Data below:
......

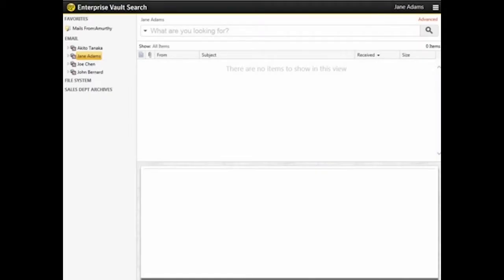This video shows you how to customize the Results pane in Enterprise Vault Search. You will learn how to sort items, filter results, and customize columns.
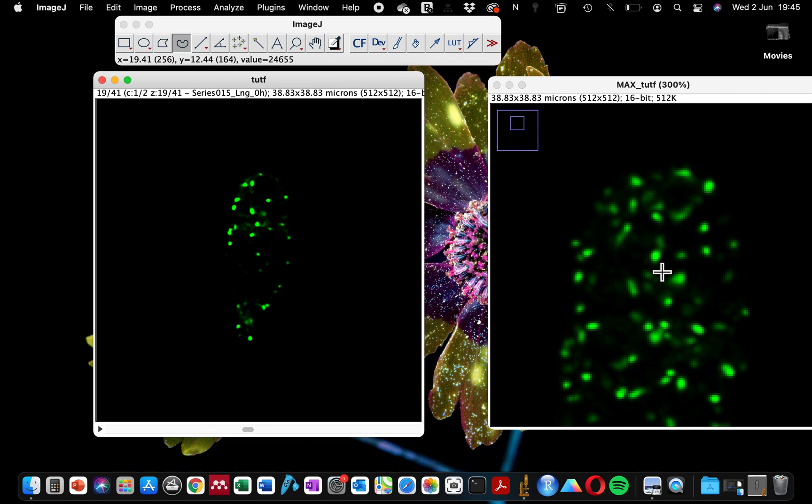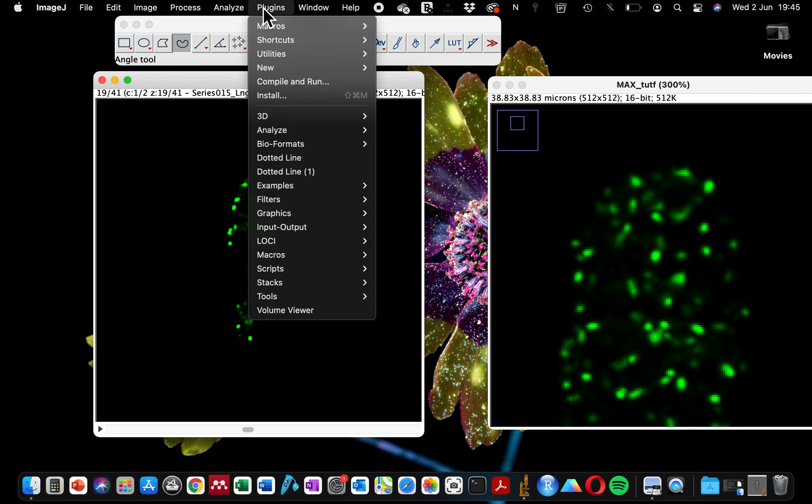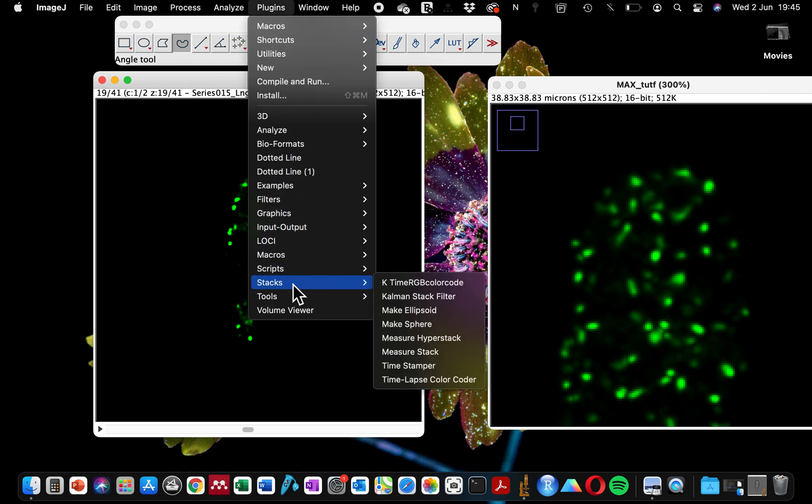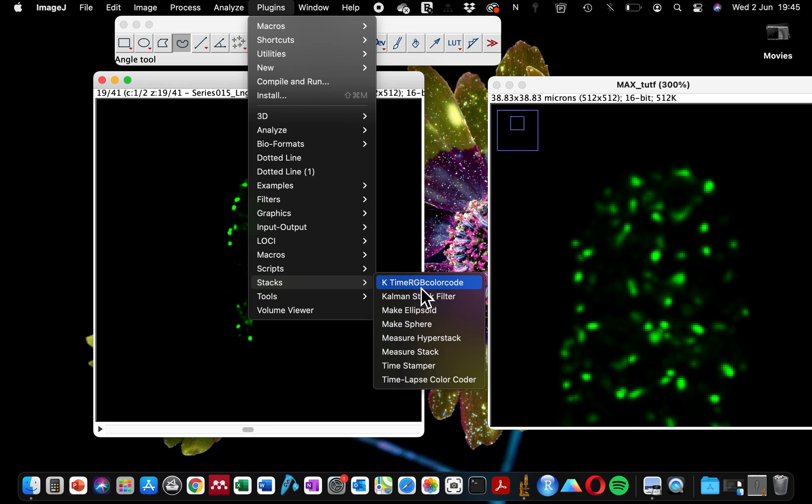What you want to do is to see the location of each of these puncta in our Z-stack. So you go to Plugins, Stacks. There are two color coding options with this plugin: you can either use this Z time RGB color code or Timelapse Color Coder.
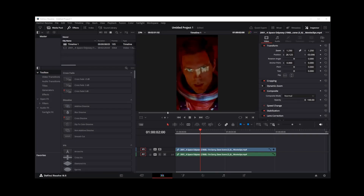Hey guys, in this quick tutorial, I'm going to show you what to do if your waveform on your audio track is not showing in DaVinci Resolve 18.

......

Task:
Set down the data above word for word, leaving every picture out.

Task solution:
This video shows you how to customize the Results pane in Enterprise Vault Search. You will learn how to sort items, filter results, and customize columns.
What you want to do is to see the location of each of these puncta in our Z-stack. So you go to Plugins, Stacks. There are two color coding options with this plugin: you can either use this Z time RGB color code or Timelapse Color Coder.
Hey guys, in this quick tutorial, I'm going to show you what to do if your waveform on your audio track is not showing in DaVinci Resolve 18.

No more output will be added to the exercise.